@PierU
At the end I can’t really see what may be added in stdlib here (?).
To demonstrate the effect of our toy ‘RAM disk’ I ran the same quantum time-evolution calculation on 16 nodes (4096 cores) of a 768 node cluster with a 20 PB parallel file system, shared by many other users.
With our ‘RAM disk’ enabled and no writing of direct access files, the job took 21 minutes. The CPU utilization was over 90%
Without using the ‘RAM disk’ the time was 87 minutes with a CPU utilization of about 40%.
As you can see, the shared file system is a severe bottle-neck for our type of calculation, with CPUs having to wait for data to be written and read.

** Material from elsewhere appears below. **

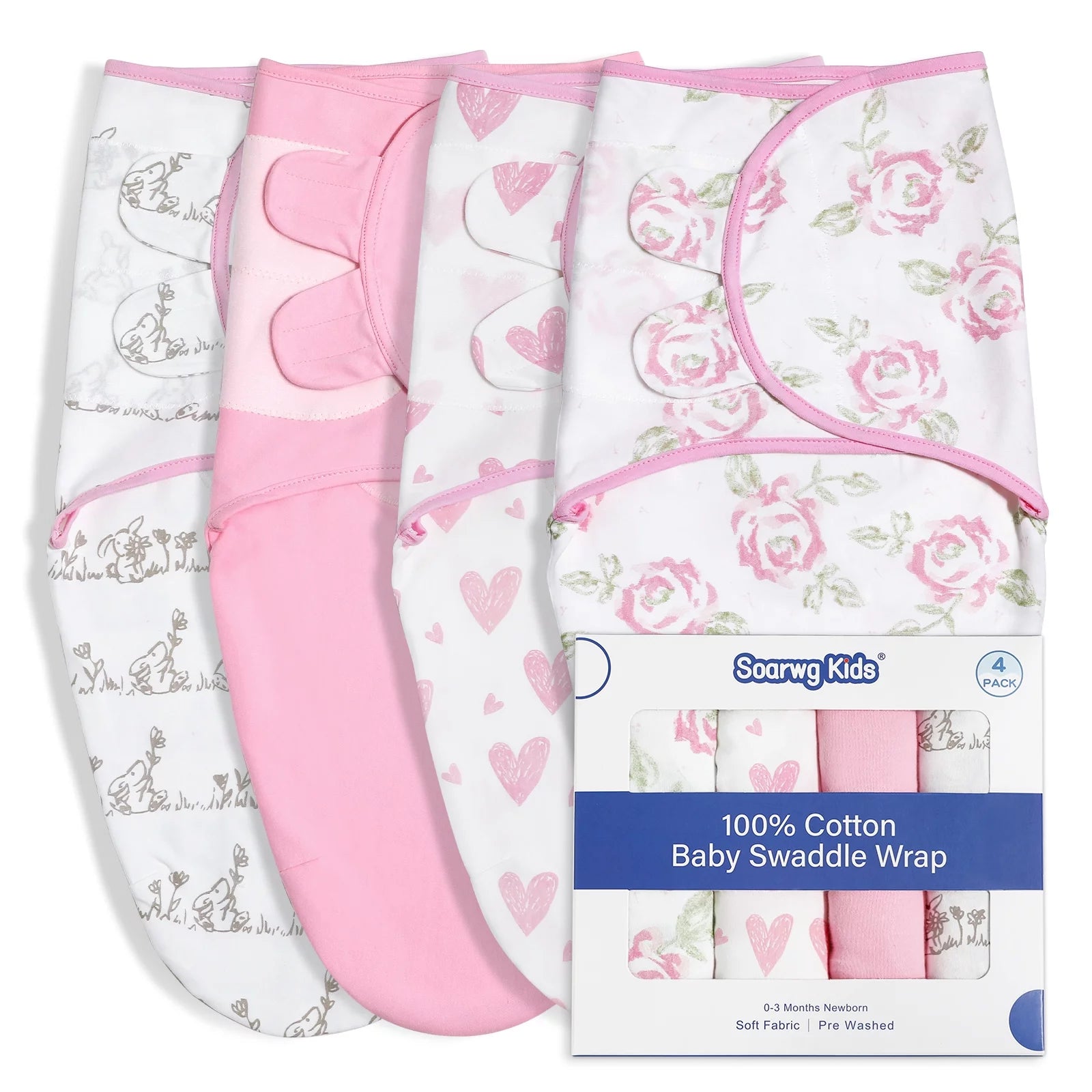 Organic Cotton Swaddle Blankets 4-Pack for 0-3 Months Newborn Girls, Pink Floral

This feature of a temporary, volatile file system could be made more general-purpose and part of stdlib.
For example, there could be routines like
open_stdlib(50,file='data',form='UNFORMATTED',access='DIRECT',recl=recl)

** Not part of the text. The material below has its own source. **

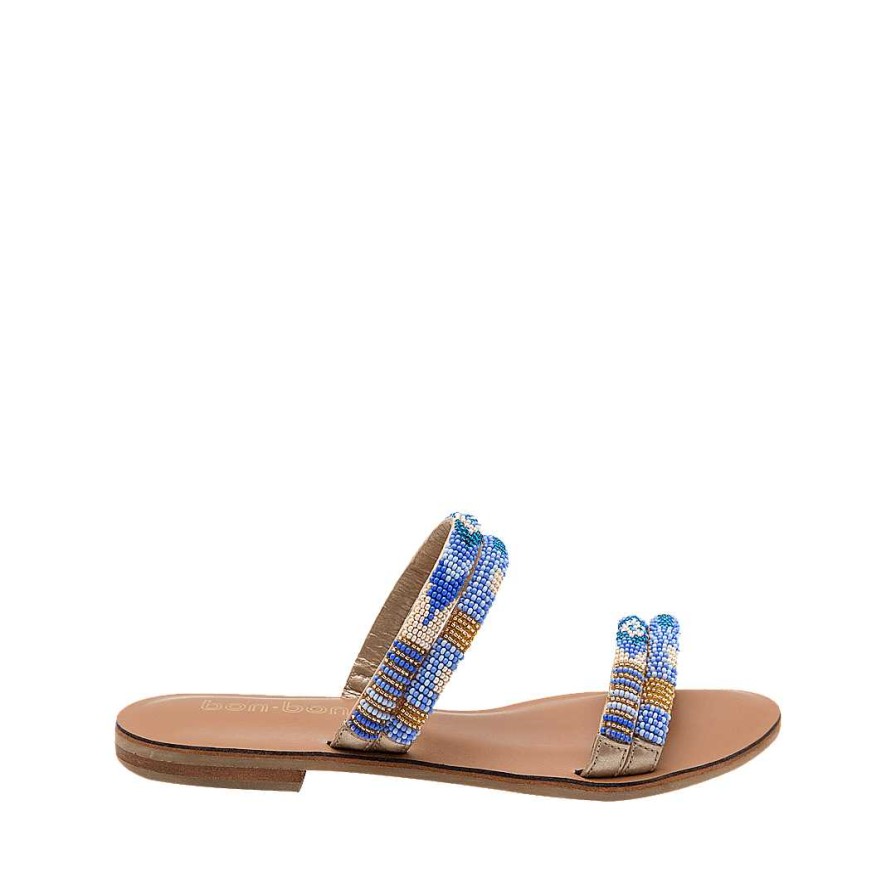 Shoes Bon-Bonite | Blue Leather Mule Sandal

write_stdlib(50,rec=rec) x,y,z
which, by default, would be just wrappers for the usual open and write statements.
However, you could specify additional options like
open_stdlib(50,file='data',form='UNFORMATTED',access='DIRECT',recl=recl, &
volatile=.true.)
which would then store the data to RAM only. If required, the same data could be written once to the non-volatile file system at the end of the calculation (this is usually what we do).
On a cluster, one could pass the MPI communicator
open_stdlib(50,file='data',form='UNFORMATTED',access='DIRECT',recl=recl, &
volatile=.true.,MPI_Comm=mpi_comm_world)
which would allow data to be read by all nodes. This would require some nifty coding using asynchronous MPI communication.
From our HPC point of view, this would be a great feature.